When you’re running your workloads on any multi-node Kubernetes environment — such as Runtime Fabric on self-managed Kubernetes — you’re bound to run into cases where you’ll need to manage its nodes. Nodes are the physical machines or VMs that run the workloads scheduled by Kubernetes and thus correlate to the amount of resources Kubernetes has available to run your deployments. Common scenarios that may involve managing your nodes include:
- Scaling up: Adding resources to allow for more running deployments
- Scaling down: Removing resources when not in use to reduce cost
- Rolling: Taking nodes offline and bringing them back online, one-by-one, to perform maintenance such as upgrading the host operating system.
What to consider
Of the three scenarios described above, scaling up the nodes in a Kubernetes environment is the simplest in terms of what to consider since it doesn’t affect the running pods or deployments.
Before scaling down a node, you may want to consider the deployments which are running on it. While it’s true that Kubernetes will automatically reschedule any workloads which are deployed on the node, it is not instantaneous and may cause a temporary disruption of service while doing so. Methods to mitigate this include the following:
- Deploying multiple replicas of your applications with “anti-affinity” rules to inform the Kubernetes scheduler to deploy each replica on different nodes.
- Note: Runtime Fabric supports this option if selecting “enforce deploying replicas across nodes” during application deployment.

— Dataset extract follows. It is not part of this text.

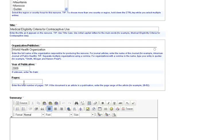Next, enter the total number of pages in the pages field. If it's an article in a publication, enter the page range. This is not a required field.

- Ensuring your Kubernetes environment has enough resources across it’s remaining nodes for it to reschedule all the displaced workloads successfully.
And lastly, a rolling node operation is essentially a combination of the prior two scenarios performed in a sequence. The key consideration with this type of operation is with the amount of workload shifting that’ll occur as each node is taken offline. In general, you’ll want to:
- First, add a node to your Kubernetes environment that has equal to or greater resources (like CPU, memory and disk) than the node that you’ll take offline.
- Ensure your deployments are deployed with multiple replicas running on other nodes, so service disruption is minimized.
- Cordon the node you’ll take offline, so Kubernetes will prevent new deployments from being scheduled on it.
- Remove the node from Kubernetes, which will prompt Kubernetes to reschedule the workloads running on it to another node. This is where the node you added in the first step comes in handy, to ensure there are enough resources for Kubernetes to reschedule the deployments.
- Perform your maintenance on the offline node.
How to manage nodes with AKS
With these considerations in mind, it may feel like an involved task to scale or perform maintenance on your Kubernetes nodes. But, there’s good news for those of you who are running on a managed Kubernetes service, such as Amazon Elastic Kubernetes Service (EKS), Azure Kubernetes Service (AKS), or Google Kubernetes Engine (GKE); these services have capabilities that simplify node management. Let’s have a look at how these node management operations are handled in Azure when using Runtime Fabric on AKS.
Using node pools
Nodes that are added to an AKS cluster are grouped by a concept called a “node pool”. A node pool is a set of nodes which have the same configuration. When creating an AKS cluster, you’ll have the option of adding and configuring one or more node pools to host your workloads on.
If you already have an AKS cluster, you can find it’s node pools by navigating to the Kubernetes Service and selecting “Node pools” under the “Settings” group on the right side bar.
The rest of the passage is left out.